### WHAT IS EXPECTED
Take from the entries below the stretch from the line with "Milwaukee Bucks Nba" through the line with "Funny Airplane Christmas", and return it exactly, leaving the pictures out.

____ MATERIAL FOR THE TASK

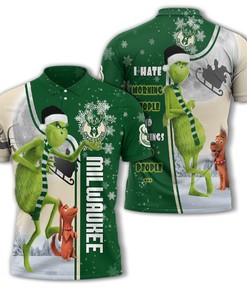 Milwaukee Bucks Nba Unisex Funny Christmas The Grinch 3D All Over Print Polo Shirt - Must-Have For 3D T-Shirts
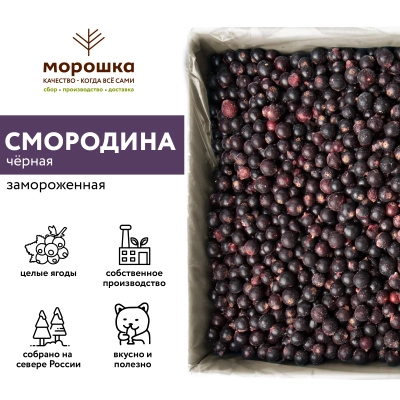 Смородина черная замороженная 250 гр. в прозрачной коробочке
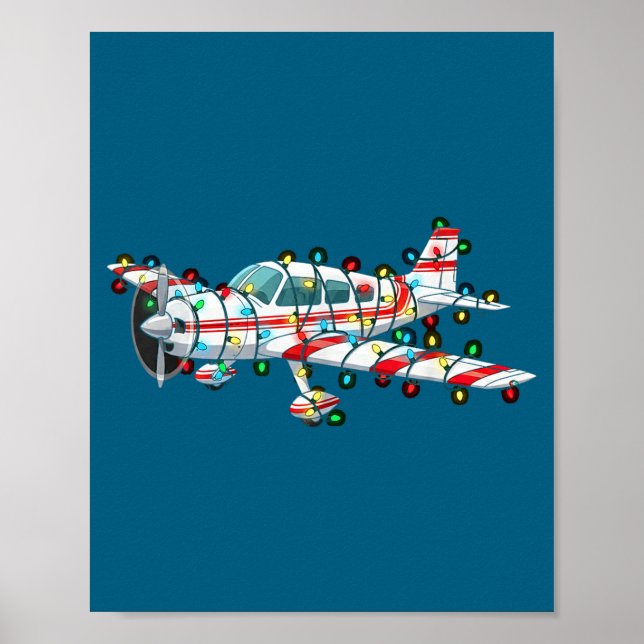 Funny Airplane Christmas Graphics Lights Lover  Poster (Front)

________
____ MATERIAL FOR THE TASK

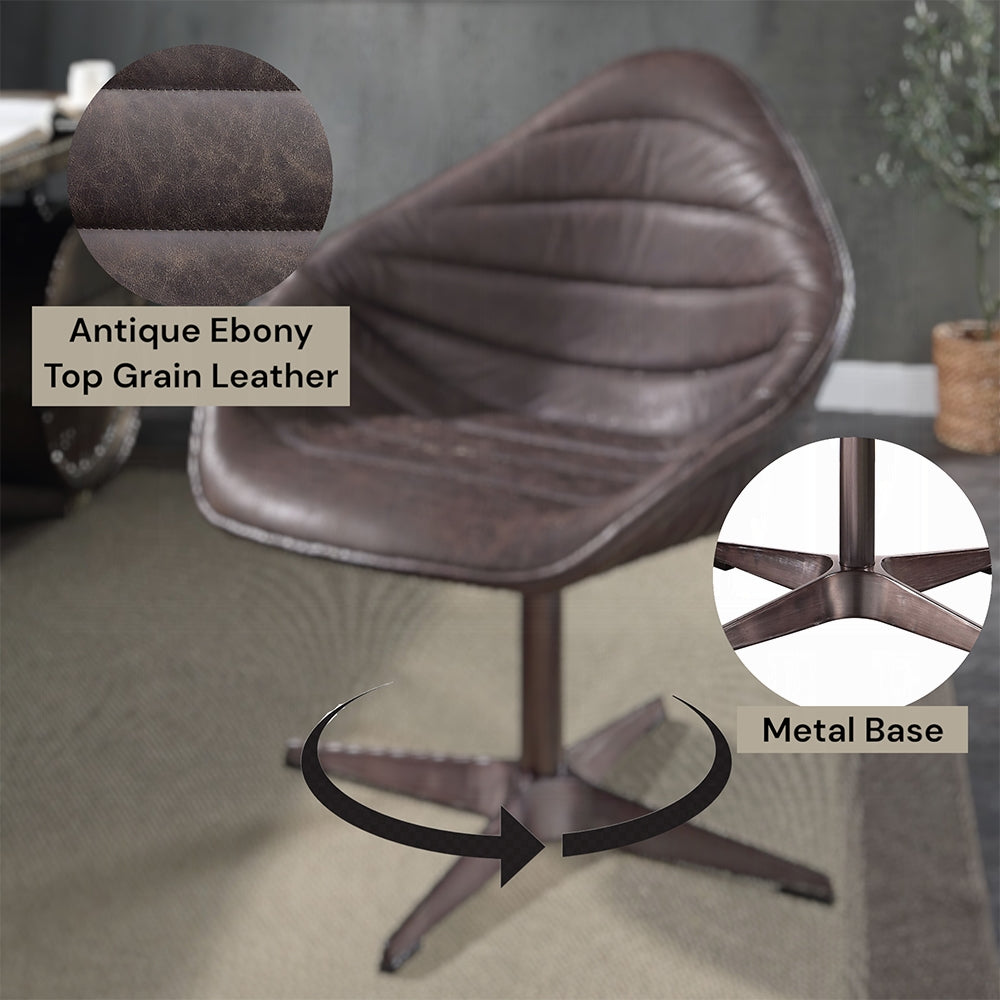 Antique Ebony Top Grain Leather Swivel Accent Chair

________

### TASK RESPONSE
 Milwaukee Bucks Nba Unisex Funny Christmas The Grinch 3D All Over Print Polo Shirt - Must-Have For 3D T-Shirts
 Смородина черная замороженная 250 гр. в прозрачной коробочке
 Funny Airplane Christmas Graphics Lights Lover  Poster (Front)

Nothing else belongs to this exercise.